## WHAT YOU HAVE TO DO
In the material below, the line holding "Kenn Edwin TV Banner" and every line after it should be reproduced exactly, please, with pictures omitted.
[Opening INPUT DATA section]
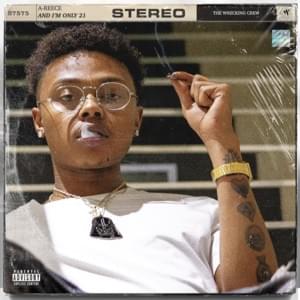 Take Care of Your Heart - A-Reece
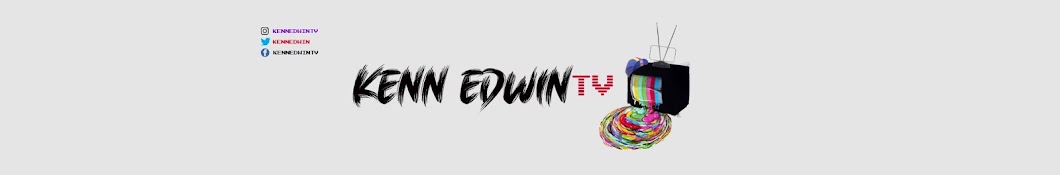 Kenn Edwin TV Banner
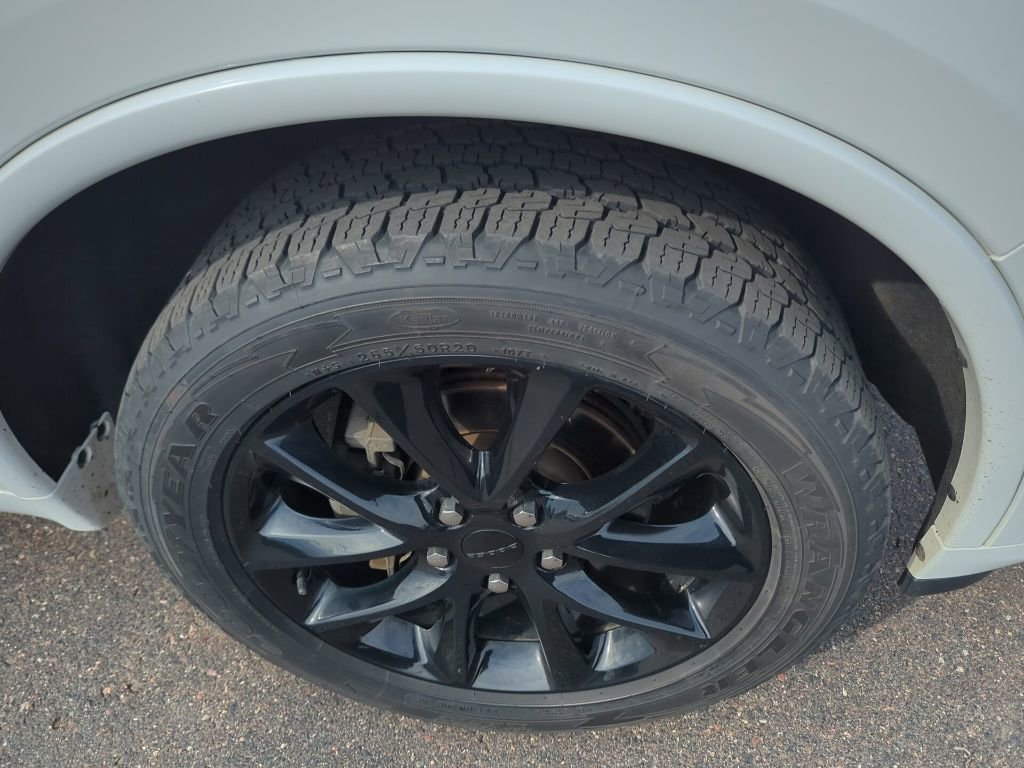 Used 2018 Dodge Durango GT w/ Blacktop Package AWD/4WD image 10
[Closing INPUT DATA section]
## FINISHED EXERCISE
 Kenn Edwin TV Banner
 Used 2018 Dodge Durango GT w/ Blacktop Package AWD/4WD image 10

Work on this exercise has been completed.